One reporter's Thatcher is another director's Iron Lady

I’m haunted by her. Not by her in the flesh, but her as portrayed by Meryl Streep. Make no mistake, Streep does become Thatcher in celluloid. Let nothing detract from the scale of her achievement. An American woman of 62 becomes Thatcher at 48, and Thatcher at 80 – completely convincingly, vocally, physically.

It’s strange because I am myself the right age to have reported her from the beginnings of her power to her political end. As a cub reporter I caught her final year as education secretary and moved to TV reporting as she became Tory leader. By 1979, I was “live” outside Downing Street as she became prime minister – a snatch of my doorstep report makes it into the Iron Lady movie. I was there again in 1990 as she wept with Denis in the back seat of the Jag as she departed Downing Street for the last time as premier. In between I interviewed her perhaps a dozen times – mainly as a diplomatic correspondent reporting European summits and meetings with Reagan, Gorbachev and more.

I always presumed that she knew my name because Bernard Ingham (press secretary) had whispered it in her ear…possibly with the pre-fix – “frightful b******”! In fact her husband, gorgeously portrayed by Jim Broadbent, did go on the record describing me as “that pinko”!

But though Jim and Meryl shone, for me the film did not. I felt I learned nothing new, and I had hoped to. Perhaps there is no more to be learned. Certainly my sense was that she was as she was, precisely because she was a woman in a “man’s job”.

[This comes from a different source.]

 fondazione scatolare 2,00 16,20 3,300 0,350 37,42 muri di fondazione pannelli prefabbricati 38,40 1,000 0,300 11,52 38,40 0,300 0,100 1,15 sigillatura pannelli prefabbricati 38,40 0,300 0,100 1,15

The film does play to this but without analysing why men were so retreated and subservient in her presence. Many of the Cabinet around her had never experienced a woman in power – the last they had known had been matron in their boarding schools. Hence my suspicion was that they feared that as she glared across the Cabinet table, she was saying in her head and in theirs “Geoffrey have you washed behind your ears?” Or, “Kenneth…those finger nails…” She was breathlessly intimidating and seductive at one and the same time. It was a most infernal combination.

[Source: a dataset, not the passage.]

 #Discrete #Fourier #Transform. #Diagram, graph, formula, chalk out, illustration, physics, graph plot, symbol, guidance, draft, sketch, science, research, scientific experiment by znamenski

I lost every interview I ever had with her – reduced to a pimple… which I feared, I had missed, and she had spotted, under my chin.

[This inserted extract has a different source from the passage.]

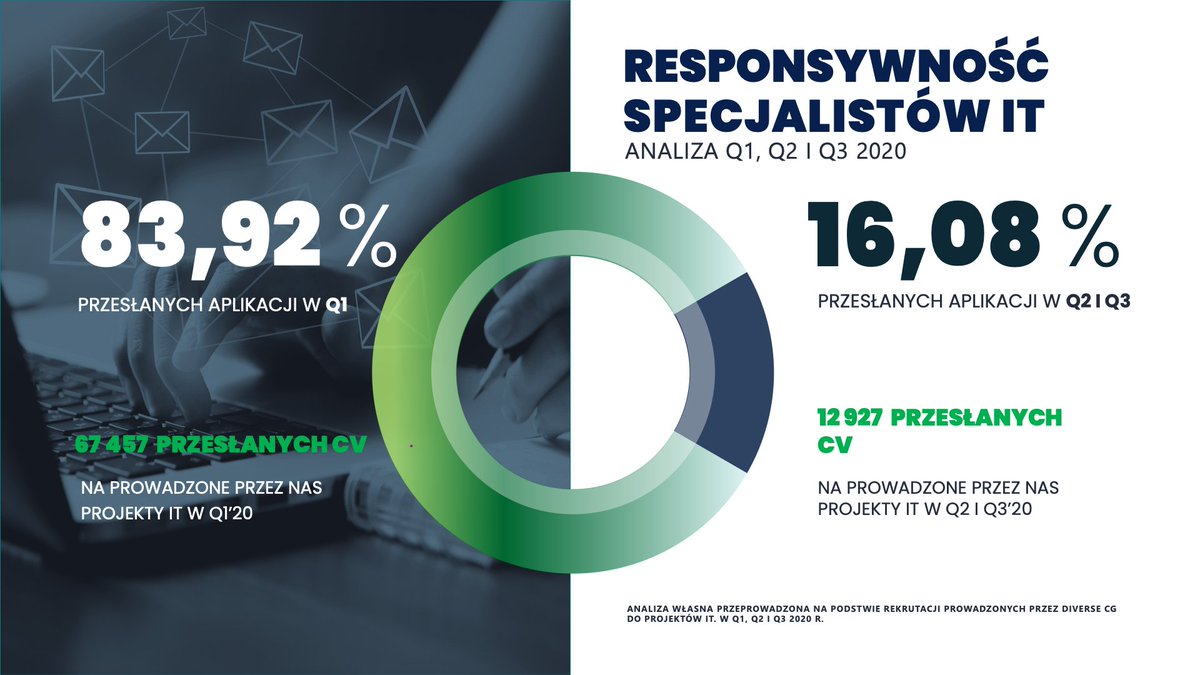 Diverse_CG's tweet photo. COVID-19 a aktywność Specjalistów IT na rynku pracy?

Zapraszamy do lektury naszej analizy, którą przygotowaliśmy w oparciu o dane z Q1, Q2 oraz Q3’2020.
👉 https://t.co/QtstPuJLCU

#dcg #diversecg #COVID19 #responsywność #specjaliściIT #IT #analizarynkupracy https://t.co/Og15PEzbnh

I wanted more of that from the film…more account of how she did it…how she persuaded men, in particular, of her “rightness”. “Is he one of us?”, did not surface in the film. Nor “the Lady’s not for turning”. But then this was not a biopic, but rather an over coherent and linear journey through dementia.

My mother suffered from dementia and was never as linear nor as lucid. Most of Mrs Thatcher’s recollections in the film were actually a reasonably correct account. Whilst Mrs T believed, in the film, that Denis was still alive, eight years after he’d died, my mother was convinced her own long-dead parents were still in the house where she was born and that she herself was there too, still around twelve years of age. In the film, Mrs Thatcher never loses the sense of having been prime minister.

In the end, the Iron Lady falls between a fantasy study of her dementia and an account of assorted high points in her time as PM. It is remarkable centrally for Meryl Streep’s wondrous portrayal, and Jim Broadbent’s staunch yet sensitive supporting role.